[v2,0/2] mm: memcg: fix tracking of pending stats updates values

Message ID	20230922175741.635002-1-yosryahmed@google.com (mailing list archive)
Headers	show Return-Path: <owner-linux-mm@kvack.org> Date: Fri, 22 Sep 2023 17:57:38 +0000 Mime-Version: 1.0 Message-ID: <20230922175741.635002-1-yosryahmed@google.com> Subject: [PATCH v2 0/2] mm: memcg: fix tracking of pending stats updates values From: Yosry Ahmed <yosryahmed@google.com> To: Andrew Morton <akpm@linux-foundation.org>, Shakeel Butt <shakeelb@google.com> Cc: Johannes Weiner <hannes@cmpxchg.org>, Michal Hocko <mhocko@kernel.org>, Roman Gushchin <roman.gushchin@linux.dev>, Muchun Song <muchun.song@linux.dev>, " =?utf-8?q?Michal_Koutn=C3=BD?= " <mkoutny@suse.com>, linux-mm@kvack.org, cgroups@vger.kernel.org, linux-kernel@vger.kernel.org, Yosry Ahmed <yosryahmed@google.com> Content-Type: text/plain; charset="UTF-8" Sender: owner-linux-mm@kvack.org Precedence: bulk
Series	mm: memcg: fix tracking of pending stats updates values \| expand [v2,0/2] mm: memcg: fix tracking of pending stats updates values [v2,1/2] mm: memcg: refactor page state unit helpers [v2,2/2] mm: memcg: normalize the value passed into memcg_rstat_updated()

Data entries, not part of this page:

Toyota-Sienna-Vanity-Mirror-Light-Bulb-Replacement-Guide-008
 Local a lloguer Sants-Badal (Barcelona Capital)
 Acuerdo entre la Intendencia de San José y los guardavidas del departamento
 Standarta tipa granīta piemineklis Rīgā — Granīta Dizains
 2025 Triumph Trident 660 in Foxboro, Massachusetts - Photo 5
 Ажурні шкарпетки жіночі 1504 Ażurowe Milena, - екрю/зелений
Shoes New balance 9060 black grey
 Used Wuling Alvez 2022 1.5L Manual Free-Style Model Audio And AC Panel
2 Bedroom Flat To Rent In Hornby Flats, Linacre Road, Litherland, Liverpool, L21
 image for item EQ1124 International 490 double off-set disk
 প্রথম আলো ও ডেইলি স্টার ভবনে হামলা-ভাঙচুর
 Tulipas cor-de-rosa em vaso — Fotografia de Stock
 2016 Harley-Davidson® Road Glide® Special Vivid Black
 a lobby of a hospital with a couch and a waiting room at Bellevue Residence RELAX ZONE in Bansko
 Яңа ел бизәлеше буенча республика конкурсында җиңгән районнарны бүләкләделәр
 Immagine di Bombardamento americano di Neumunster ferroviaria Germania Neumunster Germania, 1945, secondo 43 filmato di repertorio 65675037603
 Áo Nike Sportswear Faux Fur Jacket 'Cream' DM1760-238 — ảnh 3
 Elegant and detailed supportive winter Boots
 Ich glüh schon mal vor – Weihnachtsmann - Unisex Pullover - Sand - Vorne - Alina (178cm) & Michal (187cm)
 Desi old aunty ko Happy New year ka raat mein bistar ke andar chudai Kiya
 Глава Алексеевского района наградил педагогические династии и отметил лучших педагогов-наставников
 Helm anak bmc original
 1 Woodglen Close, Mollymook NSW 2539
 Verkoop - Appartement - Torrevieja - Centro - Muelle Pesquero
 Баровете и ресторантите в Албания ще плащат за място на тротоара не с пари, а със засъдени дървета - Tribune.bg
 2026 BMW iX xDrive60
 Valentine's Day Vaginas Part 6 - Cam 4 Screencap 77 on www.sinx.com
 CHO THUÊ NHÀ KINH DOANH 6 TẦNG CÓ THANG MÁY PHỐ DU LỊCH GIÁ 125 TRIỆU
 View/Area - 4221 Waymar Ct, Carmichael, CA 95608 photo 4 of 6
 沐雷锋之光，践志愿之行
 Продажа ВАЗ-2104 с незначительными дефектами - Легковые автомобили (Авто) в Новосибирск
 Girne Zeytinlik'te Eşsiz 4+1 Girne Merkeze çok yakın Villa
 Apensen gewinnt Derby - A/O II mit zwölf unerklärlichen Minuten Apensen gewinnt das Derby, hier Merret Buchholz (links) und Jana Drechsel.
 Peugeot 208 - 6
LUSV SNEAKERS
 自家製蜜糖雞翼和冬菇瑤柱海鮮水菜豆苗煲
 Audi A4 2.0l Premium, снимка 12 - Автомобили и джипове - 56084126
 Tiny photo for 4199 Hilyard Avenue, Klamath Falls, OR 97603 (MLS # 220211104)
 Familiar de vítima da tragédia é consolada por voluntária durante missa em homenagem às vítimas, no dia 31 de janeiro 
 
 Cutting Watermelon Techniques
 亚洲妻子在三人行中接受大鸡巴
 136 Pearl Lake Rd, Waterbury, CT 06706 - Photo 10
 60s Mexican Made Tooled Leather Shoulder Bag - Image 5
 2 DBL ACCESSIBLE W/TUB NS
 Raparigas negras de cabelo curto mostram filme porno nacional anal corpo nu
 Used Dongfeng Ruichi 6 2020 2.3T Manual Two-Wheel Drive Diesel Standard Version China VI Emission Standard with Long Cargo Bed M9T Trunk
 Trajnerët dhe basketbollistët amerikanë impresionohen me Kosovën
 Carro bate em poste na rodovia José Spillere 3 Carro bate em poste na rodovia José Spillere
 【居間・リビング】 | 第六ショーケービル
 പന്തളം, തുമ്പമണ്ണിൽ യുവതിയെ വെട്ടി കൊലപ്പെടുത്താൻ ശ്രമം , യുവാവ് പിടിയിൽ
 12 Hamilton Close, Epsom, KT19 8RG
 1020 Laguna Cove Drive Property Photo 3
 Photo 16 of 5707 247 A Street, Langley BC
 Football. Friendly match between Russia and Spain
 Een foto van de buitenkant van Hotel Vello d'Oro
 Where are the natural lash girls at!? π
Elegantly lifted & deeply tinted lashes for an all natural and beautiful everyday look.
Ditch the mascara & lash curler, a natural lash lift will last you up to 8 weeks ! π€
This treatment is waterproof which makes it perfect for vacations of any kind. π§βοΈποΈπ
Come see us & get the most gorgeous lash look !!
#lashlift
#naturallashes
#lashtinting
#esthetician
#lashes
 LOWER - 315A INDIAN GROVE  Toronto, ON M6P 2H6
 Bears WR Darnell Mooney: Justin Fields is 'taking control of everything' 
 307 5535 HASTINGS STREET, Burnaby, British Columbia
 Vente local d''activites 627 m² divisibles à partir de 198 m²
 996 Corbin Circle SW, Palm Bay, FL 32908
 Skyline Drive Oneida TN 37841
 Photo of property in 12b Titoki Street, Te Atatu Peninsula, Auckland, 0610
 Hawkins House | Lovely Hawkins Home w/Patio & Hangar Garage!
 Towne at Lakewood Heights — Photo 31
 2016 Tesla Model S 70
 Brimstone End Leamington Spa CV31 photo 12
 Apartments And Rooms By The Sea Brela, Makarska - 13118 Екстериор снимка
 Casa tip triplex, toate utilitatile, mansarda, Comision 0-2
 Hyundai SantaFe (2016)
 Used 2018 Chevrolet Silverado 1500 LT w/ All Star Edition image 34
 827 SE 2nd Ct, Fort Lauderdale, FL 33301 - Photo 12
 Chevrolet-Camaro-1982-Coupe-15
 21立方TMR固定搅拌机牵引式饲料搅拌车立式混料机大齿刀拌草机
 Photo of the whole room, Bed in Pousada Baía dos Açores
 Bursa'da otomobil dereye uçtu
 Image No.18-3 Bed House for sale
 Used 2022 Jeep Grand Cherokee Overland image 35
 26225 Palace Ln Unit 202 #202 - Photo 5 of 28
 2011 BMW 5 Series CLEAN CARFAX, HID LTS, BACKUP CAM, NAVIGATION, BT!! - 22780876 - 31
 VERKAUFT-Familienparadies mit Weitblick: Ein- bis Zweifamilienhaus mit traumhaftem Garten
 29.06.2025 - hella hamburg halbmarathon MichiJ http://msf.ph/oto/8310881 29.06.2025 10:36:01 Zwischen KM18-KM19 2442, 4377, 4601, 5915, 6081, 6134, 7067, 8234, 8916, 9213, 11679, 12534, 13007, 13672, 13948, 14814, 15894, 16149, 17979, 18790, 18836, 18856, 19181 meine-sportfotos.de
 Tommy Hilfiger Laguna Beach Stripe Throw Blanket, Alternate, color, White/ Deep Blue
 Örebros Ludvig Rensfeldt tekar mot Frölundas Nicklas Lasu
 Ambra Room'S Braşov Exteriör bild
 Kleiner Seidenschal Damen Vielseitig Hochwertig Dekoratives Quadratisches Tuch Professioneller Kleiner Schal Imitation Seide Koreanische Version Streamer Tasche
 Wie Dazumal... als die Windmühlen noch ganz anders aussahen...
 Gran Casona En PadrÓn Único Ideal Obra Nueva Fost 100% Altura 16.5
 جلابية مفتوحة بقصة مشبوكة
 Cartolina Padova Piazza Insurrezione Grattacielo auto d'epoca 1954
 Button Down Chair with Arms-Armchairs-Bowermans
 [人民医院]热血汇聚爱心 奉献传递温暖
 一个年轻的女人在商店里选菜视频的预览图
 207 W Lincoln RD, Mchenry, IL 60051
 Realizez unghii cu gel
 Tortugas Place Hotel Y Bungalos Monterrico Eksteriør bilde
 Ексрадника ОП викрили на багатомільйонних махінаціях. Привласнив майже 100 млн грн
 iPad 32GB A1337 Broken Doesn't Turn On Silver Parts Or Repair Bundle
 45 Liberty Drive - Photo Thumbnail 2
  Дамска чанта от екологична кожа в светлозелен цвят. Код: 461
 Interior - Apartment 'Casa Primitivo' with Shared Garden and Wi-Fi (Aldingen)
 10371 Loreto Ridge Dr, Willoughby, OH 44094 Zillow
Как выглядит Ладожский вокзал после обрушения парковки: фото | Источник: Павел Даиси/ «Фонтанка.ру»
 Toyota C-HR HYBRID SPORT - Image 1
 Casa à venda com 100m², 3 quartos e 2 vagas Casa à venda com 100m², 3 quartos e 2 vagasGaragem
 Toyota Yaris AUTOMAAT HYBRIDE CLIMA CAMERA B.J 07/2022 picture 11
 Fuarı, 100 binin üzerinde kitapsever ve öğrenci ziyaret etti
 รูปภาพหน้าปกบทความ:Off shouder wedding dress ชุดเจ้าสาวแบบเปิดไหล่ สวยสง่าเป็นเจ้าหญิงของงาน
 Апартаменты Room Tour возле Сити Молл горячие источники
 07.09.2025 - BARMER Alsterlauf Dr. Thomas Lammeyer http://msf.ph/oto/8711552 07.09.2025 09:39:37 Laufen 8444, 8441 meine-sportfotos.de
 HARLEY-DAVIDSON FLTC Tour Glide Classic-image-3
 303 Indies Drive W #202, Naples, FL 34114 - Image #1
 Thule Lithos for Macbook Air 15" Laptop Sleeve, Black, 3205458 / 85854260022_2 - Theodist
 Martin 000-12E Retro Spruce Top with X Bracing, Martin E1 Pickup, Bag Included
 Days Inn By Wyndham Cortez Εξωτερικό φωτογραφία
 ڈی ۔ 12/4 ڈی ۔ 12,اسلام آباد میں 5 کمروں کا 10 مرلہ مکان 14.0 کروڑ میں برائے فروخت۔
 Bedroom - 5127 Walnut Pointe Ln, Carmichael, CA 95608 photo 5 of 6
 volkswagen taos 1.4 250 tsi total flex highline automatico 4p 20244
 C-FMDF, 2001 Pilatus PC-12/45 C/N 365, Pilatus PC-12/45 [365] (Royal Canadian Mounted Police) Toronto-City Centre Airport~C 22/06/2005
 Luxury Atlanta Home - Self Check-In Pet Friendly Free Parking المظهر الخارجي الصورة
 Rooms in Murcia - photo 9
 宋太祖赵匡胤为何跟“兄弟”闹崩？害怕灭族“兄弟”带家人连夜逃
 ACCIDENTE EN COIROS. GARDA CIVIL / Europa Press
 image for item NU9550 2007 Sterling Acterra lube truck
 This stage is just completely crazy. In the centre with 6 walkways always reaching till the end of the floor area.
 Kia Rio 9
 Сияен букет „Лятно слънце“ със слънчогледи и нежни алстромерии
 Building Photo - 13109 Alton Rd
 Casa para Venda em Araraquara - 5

Yosry Ahmed Sept. 22, 2023, 5:57 p.m. UTC

While working on adjacent code [1], I realized that the values passed
into memcg_rstat_updated() to keep track of the magnitude of pending
updates is consistent. It is mostly in pages, but sometimes it can be in
bytes or KBs. Fix that.

Patch 1 reworks memcg_page_state_unit() so that we can reuse it in patch
2 to check and normalize the units of state updates.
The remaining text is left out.